BenchmarkXPRT Blog banner

Category: What makes a good benchmark?

Apples to apples?

PCMag published a great review of the Opera browser this week. In addition to looking at the many features Opera offers, the review included performance data from multiple benchmarks, which look at areas such as hardware graphics acceleration, WebGL performance, memory consumption, and battery life.

Three of the benchmarks have a significant, though not exclusive, focus on JavaScript performance: Google Octane 2.0, JetStream 1.1, and WebXPRT 2015. The three benchmarks did not rank the browsers the same way, and in the past, we‘ve discussed some of the reasons why this happens. In addition to the difference in tests, there are also sometimes differences in approaches that are worth considering.

For example, consider the test descriptions for JetStream 1.1. You’ll immediately notice that the tests are much lower-level tests than the ones in WebXPRT. However, consider these phrases from a few of the test descriptions:

  • code-first-load “…This test attempts to defeat the browser’s caching capabilities…”
  • splay-latency “Tests the worst-case performance…”
  • zlib “…modified to restrict code caching opportunities…”

 

While the XPRTs test typical performance for higher level applications, the tests in JetStream are tweaked to stress devices in very specific ways, some of which are not typical. The information these tests provide can be very useful for engineers and developers, but may not be as meaningful to the typical user.

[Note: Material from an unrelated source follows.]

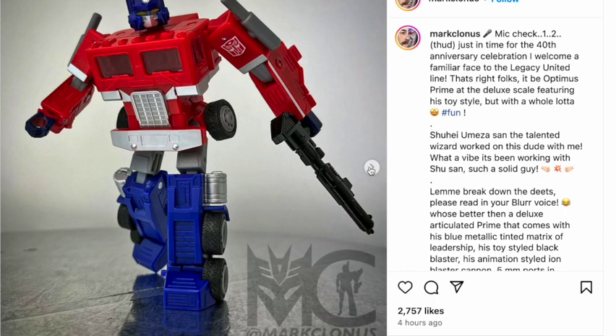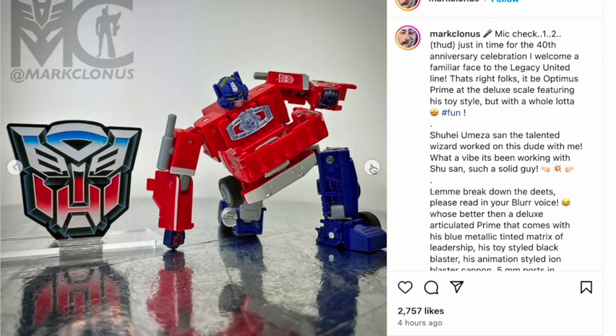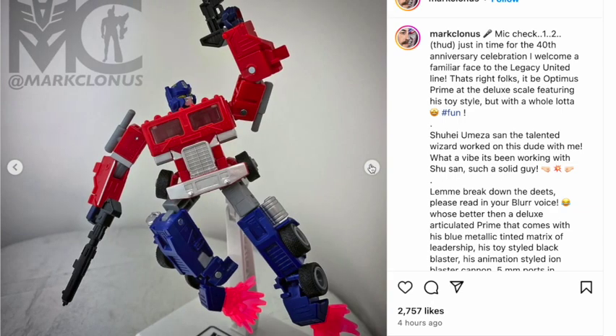It's very close to the G1 toy. It's a smallish deluxe, and appears to include a matrix, an axe, and two rifles in reference to its thin and bloated guns. The G1 toy design and styling is a missing link for the people. Suggested retail price: $24.99.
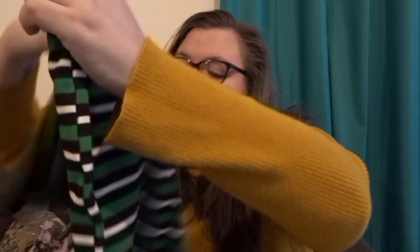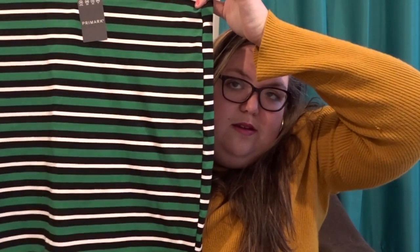I also popped into Primark and got this really nice stripy coloured skirt, which I can't wait to have some warmer weather to try out. I also got — though I can't show you because they're in the wash — a pair of jeans and a pair of fleece-lined leggings. Life changer, honestly! If you've got a Primark near you and you feel the cold, which is very rare for me but in this weather with the snow coming in, hit up Primark and trust me you won't regret it. Not sponsored!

I have to stress that both approaches are valid, but they are doing somewhat different things. There’s a cliché about comparing apples to apples, but not all apples are the same. If you’re making a pie, a Granny Smith would be a good choice, but for snacking, you might be better off with a Red Delicious. Knowing a benchmark’s purpose will help you find the results that are most meaningful to you.

Eric

Open source?

We’re proud of the BenchmarkXPRT Development Community and its accomplishments over the last five years. We’re also thankful for the contributions the members of the community have made. One of the benefits of membership is access to the source code for all the XPRT performance tools. This has meant that the code is available to anyone willing to take the easy step of joining the community.

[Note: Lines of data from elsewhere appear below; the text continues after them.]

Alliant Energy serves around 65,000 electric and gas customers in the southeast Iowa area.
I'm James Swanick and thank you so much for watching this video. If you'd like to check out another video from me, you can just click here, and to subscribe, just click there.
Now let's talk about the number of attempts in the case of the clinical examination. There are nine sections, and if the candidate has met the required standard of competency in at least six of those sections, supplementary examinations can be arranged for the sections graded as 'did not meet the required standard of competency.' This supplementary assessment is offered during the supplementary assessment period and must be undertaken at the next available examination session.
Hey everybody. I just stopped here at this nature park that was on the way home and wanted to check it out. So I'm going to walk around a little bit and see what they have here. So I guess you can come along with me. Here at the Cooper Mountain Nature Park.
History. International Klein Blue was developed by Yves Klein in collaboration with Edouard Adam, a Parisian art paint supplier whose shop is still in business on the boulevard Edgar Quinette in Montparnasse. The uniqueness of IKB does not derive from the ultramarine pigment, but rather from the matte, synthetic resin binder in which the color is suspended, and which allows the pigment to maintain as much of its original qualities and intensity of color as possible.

Behind our decision to use this model rather than a more traditional, open-source model was the need to control derivative works. The license agreement for the source allows members to modify the source, but not to claim that the results from that derivative code are XPRT results. For example, as a member, you may download the TouchXPRT source and modify the workloads for your specific purposes, but you can’t refer to the results as TouchXPRT results.

After much thought and discussion, we have come to believe that we can protect the benchmarks’ reputation within a traditional, open-source framework. While our original concerns are still valid, we think that the success and stature of the XPRTs is such that we can make it available via open source.

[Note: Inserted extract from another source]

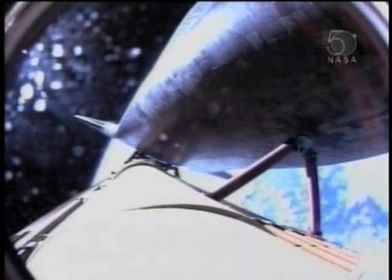Atlantis, single engine Zaragoza 104. Single engine Zaragoza 104. Atlantis, press to MECO. Press to MECO. That call from Capcom Jim Dutton to Commander Steve Frick indicating that should we lose a main engine now, we have enough velocity to reach nominal orbital cutoff targets. However, we're flying on three good main engines, all other systems in good shape as well.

However, before we take this step, we want to hear the thoughts, concerns, and opinions of both our community members and the wider public.

Please note that if we do make the code open source, the other benefits of being a member—access to requests for comment, design documents, and community previews—will not change.

Please let us know that you think. Email us or contact us on Twitter.

Bill

Seeing the future

Back in April we wrote about how Bill’s trip to IDF16 in Shenzhen got us thinking about future benchmarks. Technologies like virtual reality, the Internet of things, and computer vision are going to open up lots of new applications.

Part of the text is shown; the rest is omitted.